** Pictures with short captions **
#####
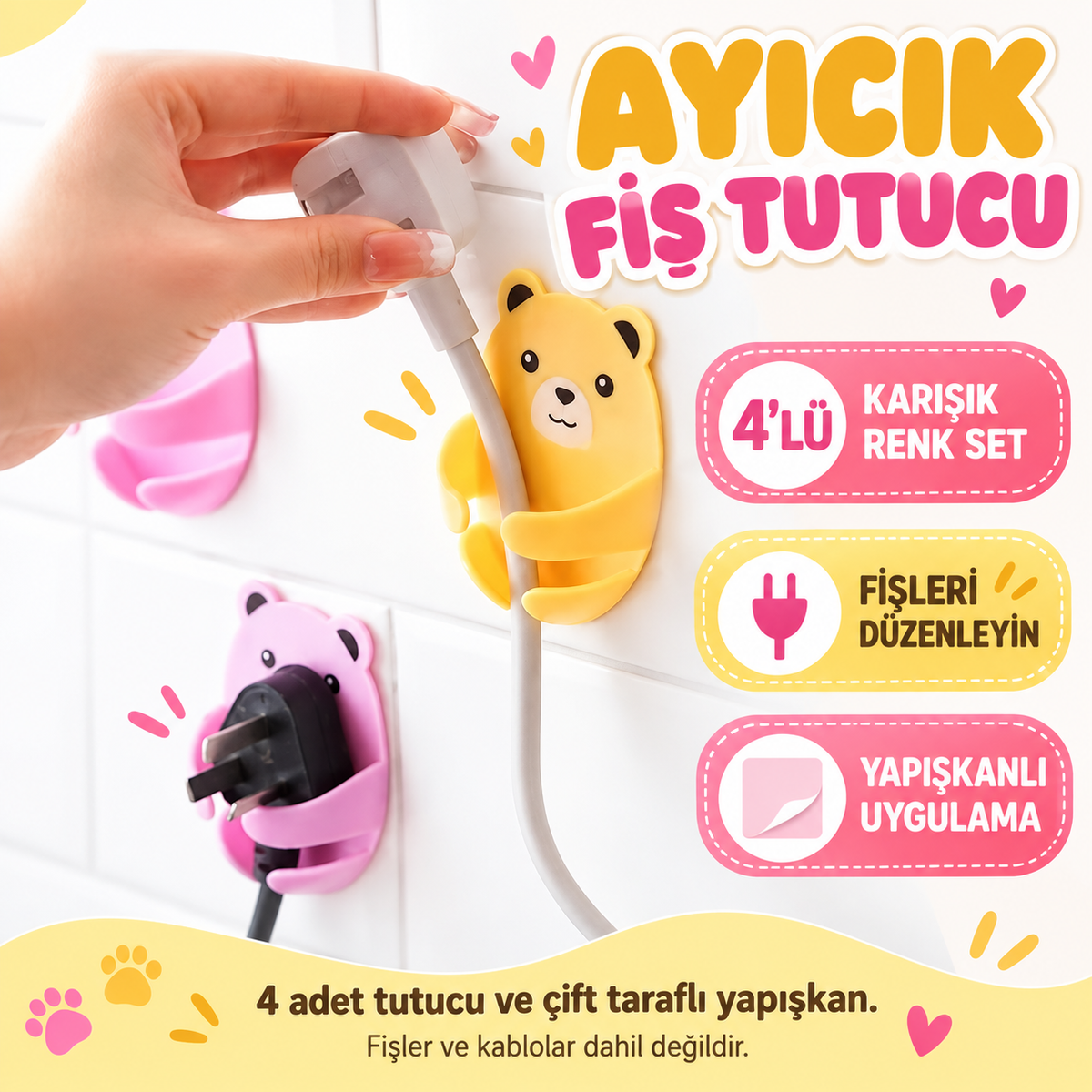 Ayıcık Desenli Sevimli Fiş Tutucu - özellik ve kullanım bilgileri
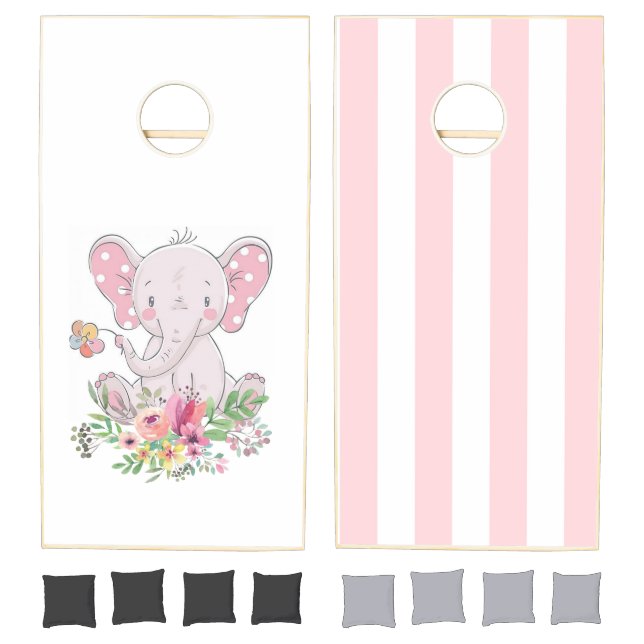Cornhole Set Pink & White Stripe Elephant (Set)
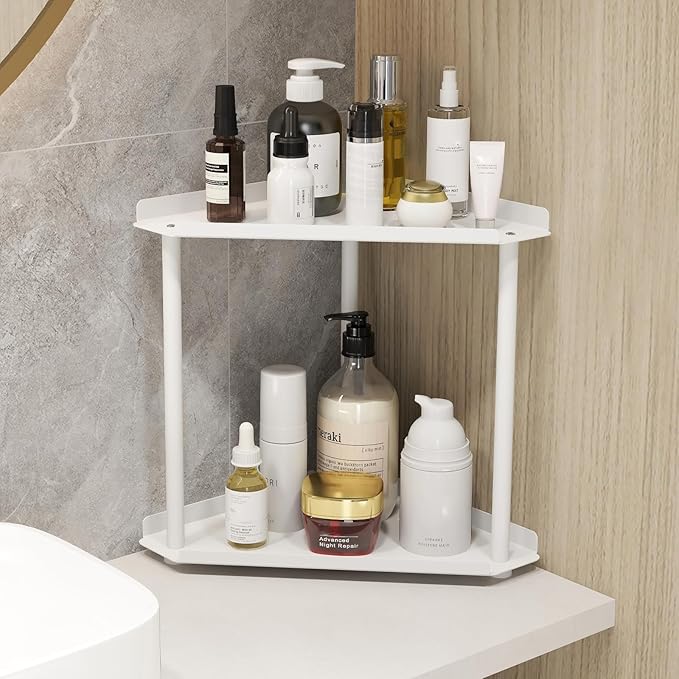 Jesginboo 2 Tier Bathroom Counter Organizer, Vanity Organizer Corner Shelf, Skincare, Makeup Countertop Organizers, Kitchen, 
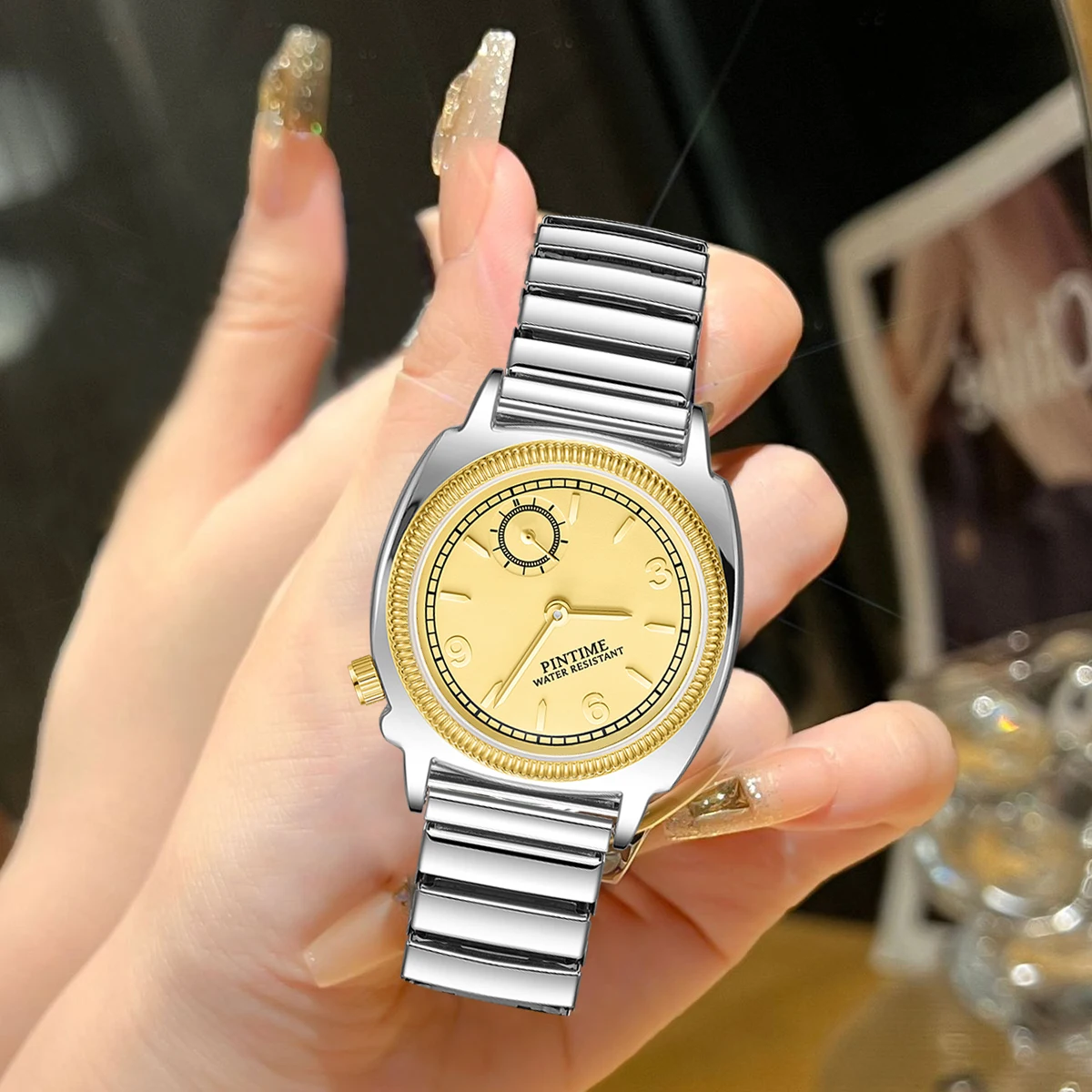 Elegant Women's Quartz Wristwatch with Spring Strap and Refined Design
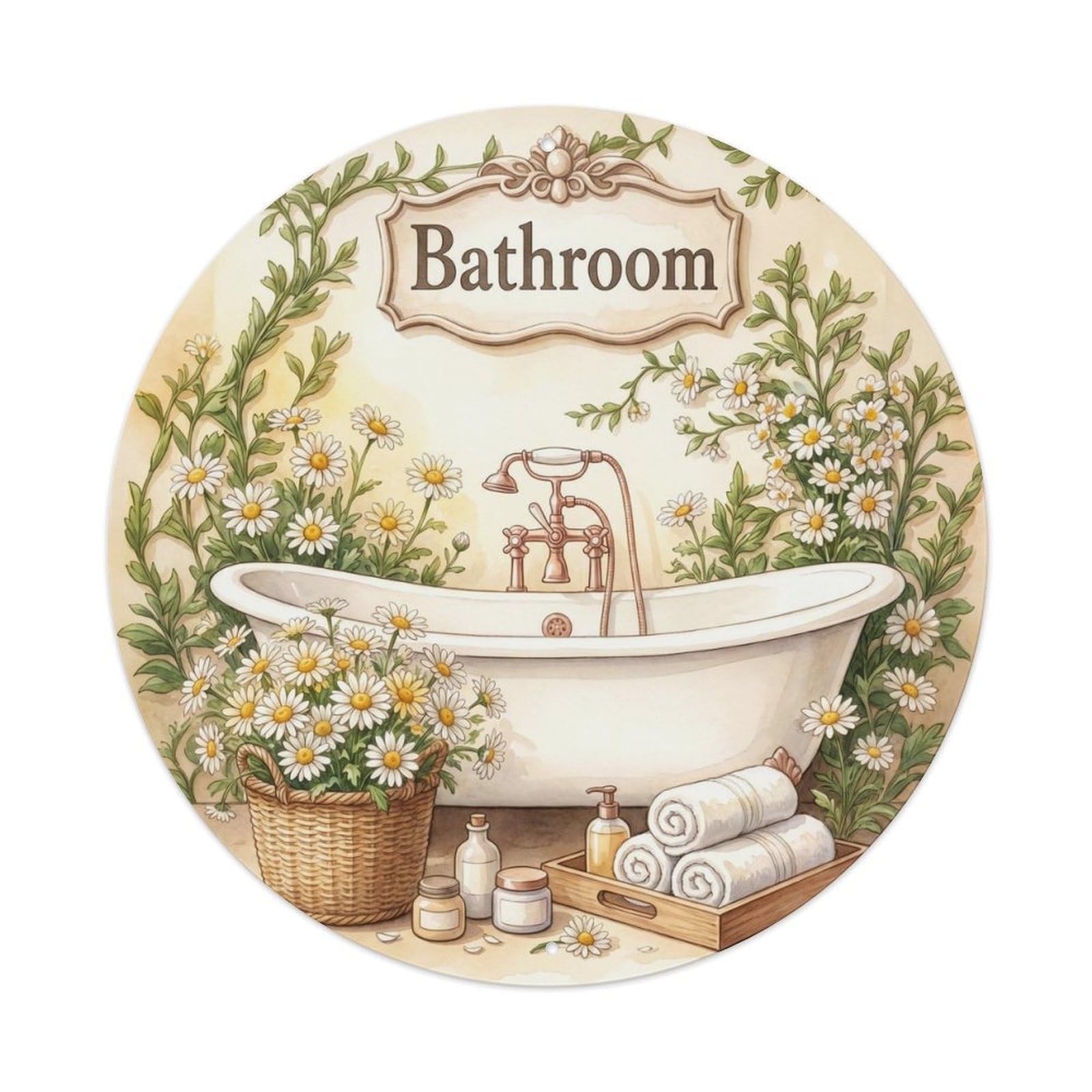 Yrnq Vintage Style Bathroom Daisy Botanical Round Vintage Metal Tin Sign Plaque Wall Decor For Cafe, Club, Garden Round Metal Poster 8X8inch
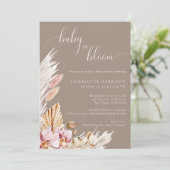 Floral Pampas Grass Baby in Bloom | Babydusche Einladung (Stehend Vorderseite)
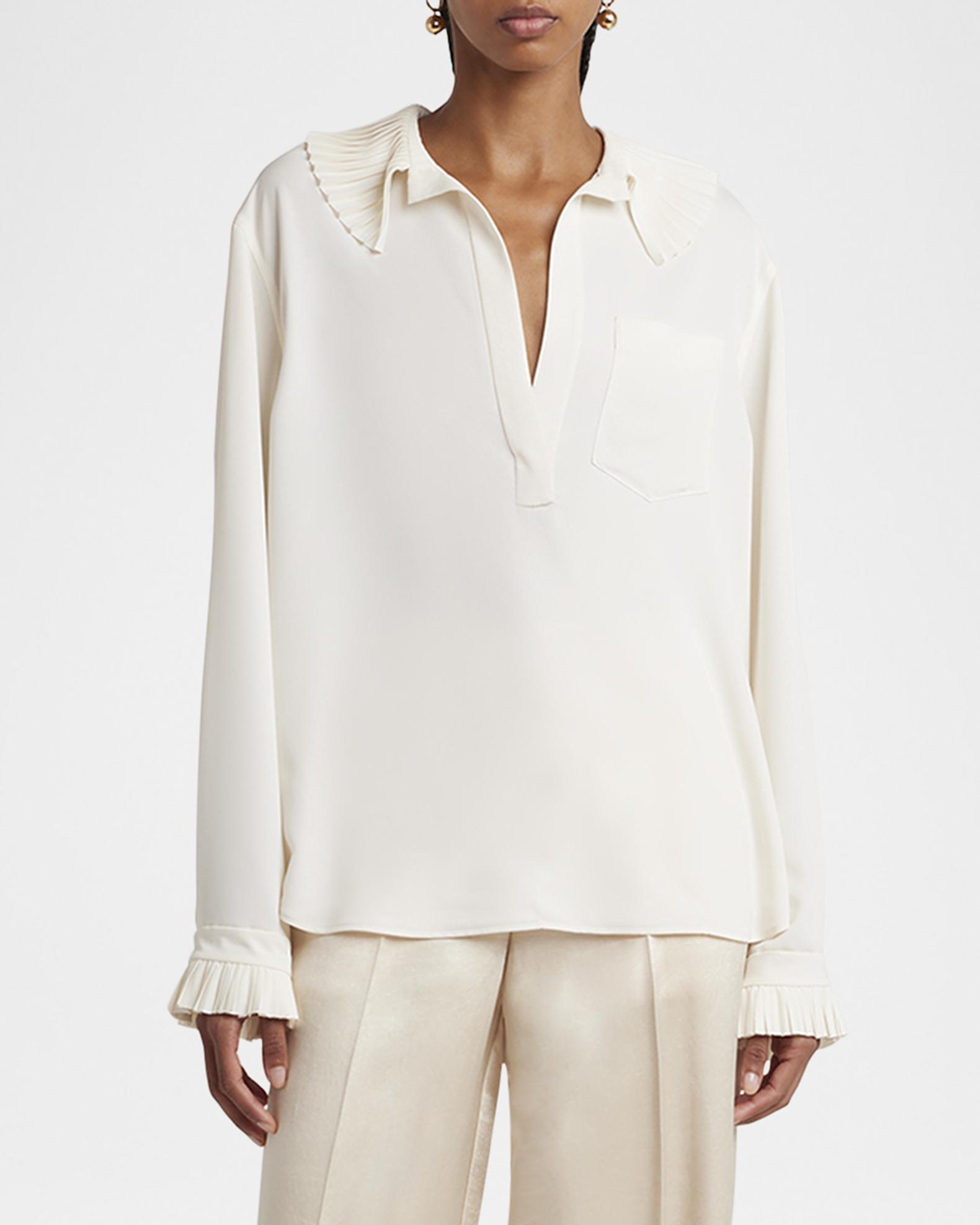 Philosophy di Lorenzo Serafini Pleated Ruffle Collared Blouse 
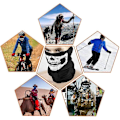 Miniatyrbild 5 av 5: 3 st Dödskallemask Andningsbara Ansiktsmasker - Svart Sömlös Balaclava Mask Multifunktionell Pannband Halsduk Huvudbonad Halsvärmare för Utomhusridning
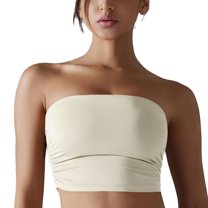 SWSMCLT Women's Crop Tube Top Tube Top Ruched Summer Casual Light Soft Tight Yoga Fitted Sexy Strapless Top Cream Small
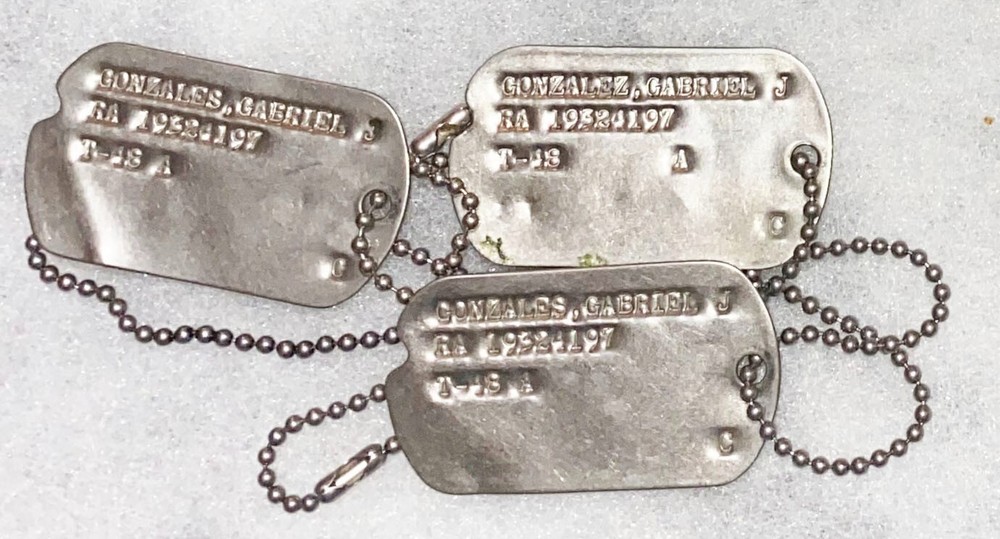 Post-WWII Gabriel Gonzales T-48 Dog Tag Set
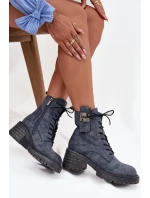 Kožené dámské workery na klínu s ozdobným detailem Artiker 57C0212 modré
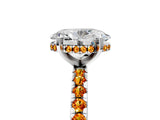 Silver Oval Cut Diamond Solitaire Ring with Round with Citrine side stone Pavé Band and Four-Prong Setting_17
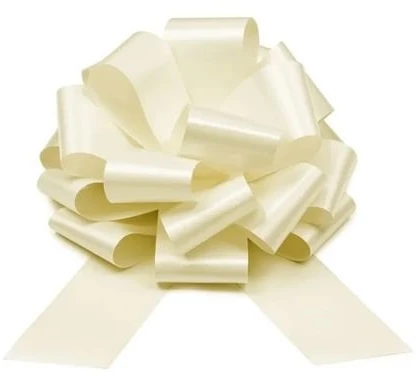 Party Deco Dekoratyvinis kaspinas 40cm 1 vnt kreminis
#####
Pictures stay out of this copy. Retype exactly the lines from the one with "Elegant Women's Quartz" through the last line of the data, both ends included, and nothing more.

** RESPONSE **
 Elegant Women's Quartz Wristwatch with Spring Strap and Refined Design
 Yrnq Vintage Style Bathroom Daisy Botanical Round Vintage Metal Tin Sign Plaque Wall Decor For Cafe, Club, Garden Round Metal Poster 8X8inch
 Floral Pampas Grass Baby in Bloom | Babydusche Einladung (Stehend Vorderseite)
 Philosophy di Lorenzo Serafini Pleated Ruffle Collared Blouse 
 Miniatyrbild 5 av 5: 3 st Dödskallemask Andningsbara Ansiktsmasker - Svart Sömlös Balaclava Mask Multifunktionell Pannband Halsduk Huvudbonad Halsvärmare för Utomhusridning
 SWSMCLT Women's Crop Tube Top Tube Top Ruched Summer Casual Light Soft Tight Yoga Fitted Sexy Strapless Top Cream Small
 Post-WWII Gabriel Gonzales T-48 Dog Tag Set
 Kožené dámské workery na klínu s ozdobným detailem Artiker 57C0212 modré
 Silver Oval Cut Diamond Solitaire Ring with Round with Citrine side stone Pavé Band and Four-Prong Setting_17
 Party Deco Dekoratyvinis kaspinas 40cm 1 vnt kreminis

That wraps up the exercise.